683) Bias And Bigotry At The New York Times Editorial Board

Letters To The Editor
The New York Times

Bias And Bigotry At The New York Times Editorial Board

As a Turkish-American, I was stunned with the arrogant, disrespectful, and partisan stance the NYT Editorial Board took recently ("Turkey, Armenia and Denial", May 16, 2006). This ethocidal editorial almost matches the ignorant fanaticism displayed by the same board in 1915 when they published, without bothering to verify their accuracy, about 145 prejudiced stories designed to demonize Turks, with no rebuttals or refutations allowed for Turks.
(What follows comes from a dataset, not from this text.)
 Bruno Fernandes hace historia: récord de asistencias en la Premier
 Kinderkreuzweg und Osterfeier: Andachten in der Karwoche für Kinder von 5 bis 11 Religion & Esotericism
Such a poor standard in journalism and total lack of objectivity and balance would be unthinkable today. It would not be stretching the truth too far, therefore, to conclude that the NYT is one of the major reasons behind the U.S. entry into the World War I. It is unfair and un-American to attack a group of people with baseless accusations and then not give them a chance to respond. Whether one is right or wrong is not at issue here; one's freedom of speech and the reader's freedom of information are.

We know through sound historical research in British and American archives, for example, that most of those 1915 racist stories had been sent in by Armenian nationalists, protestant missionaries, allied diplomatic corps, and others who shared one common thread: they were all extremely hostile to Turks at the time and wanted nothing less than the total destruction of the Ottoman Empire for their own selfish interests. It helps to refresh minds that Turks did not fight in London, Paris, or Moscow during WWI; they were only defending their homelands in the face of brutal, lethal, multi-pronged, allied invasions. Britain, France, and Russia were not exactly invited to Turkish lands for a picnic in 1914 and the allies didn't go there bearing gifts and flowers. They rained death and destruction on Ottoman Empire's Turks, my predecessors.

What's equally evil of the allies during WWI was their no-holds-barred approach in stooping as low as pitting neighbor against neighbor, practically terminating a millennium of harmonious Turkish-Armenian cohabitation in Anatolia. The allies justified this brutality with a slick policy they dubbed "divide and conquer" and committed the atrocities on Muslims in the name of Christianity. As a result, 2.5 million Muslims, mostly Turks, were killed or perished during the WWI; 523,000 of these Muslim casualties were directly attributable to atrocities committed by the Armenian nationalists, trained, armed, and supported by Wilson's America, Gladstone's Britain, Clemenceau's France, Czar's Russia, and others. If you have never heard of these lines before, that's because the NYT editorial board would habitually censor them. How can a country be held so guilty by so many when that country was, in fact, attacked, invaded, massacred, and violently split down the middle through ethnic and/or religious lines by the invaders, and lost most of its sons and daughters, property, and possessions, as the Ottoman Empire? Isn't there something wrong with this picture? Isn't it about time to expose the fraud behind the unproven allegations of Armenian genocide?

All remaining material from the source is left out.